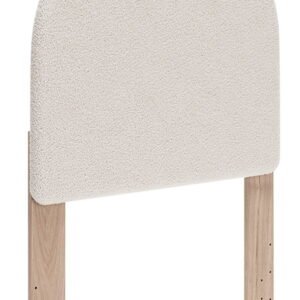 Arloster - Upholstered Panel Headboard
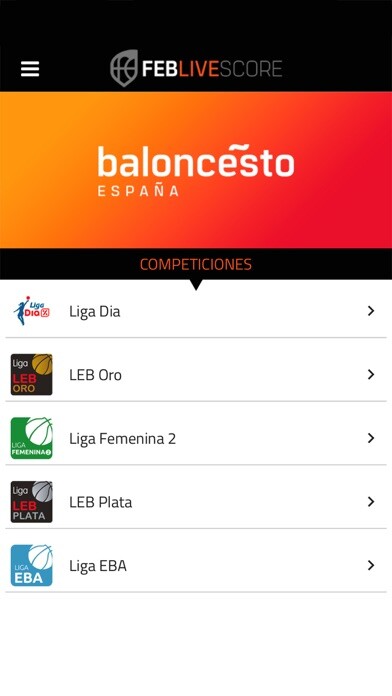 Emulate iPhone app FEB Livescore using MyAndroid Emulate iPhone app FEB Livescore using MyAndroid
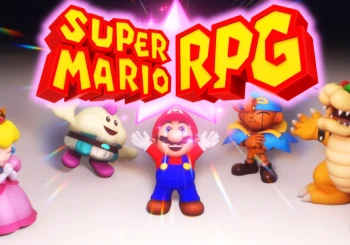 "Super Mario RPG" - the latest game trailer revealed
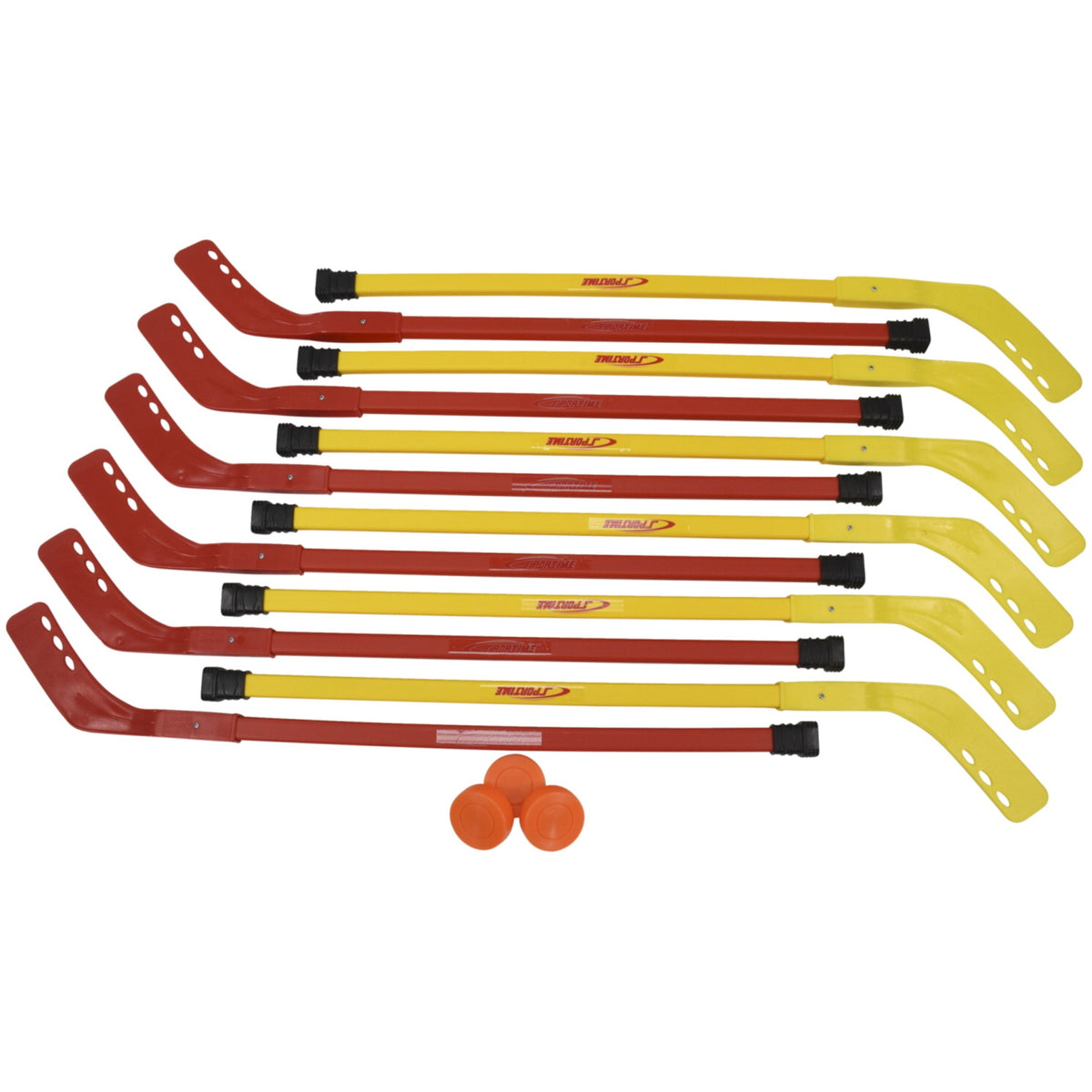 Sportime Elementary Floor Hockey Set, 36 Inches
*-*-*
▸ Requirement
An exact copy of the listing above, minus its pictures, is what is needed here.

▸ Answer below
 Arloster - Upholstered Panel Headboard
 Emulate iPhone app FEB Livescore using MyAndroid Emulate iPhone app FEB Livescore using MyAndroid
 "Super Mario RPG" - the latest game trailer revealed
 Sportime Elementary Floor Hockey Set, 36 Inches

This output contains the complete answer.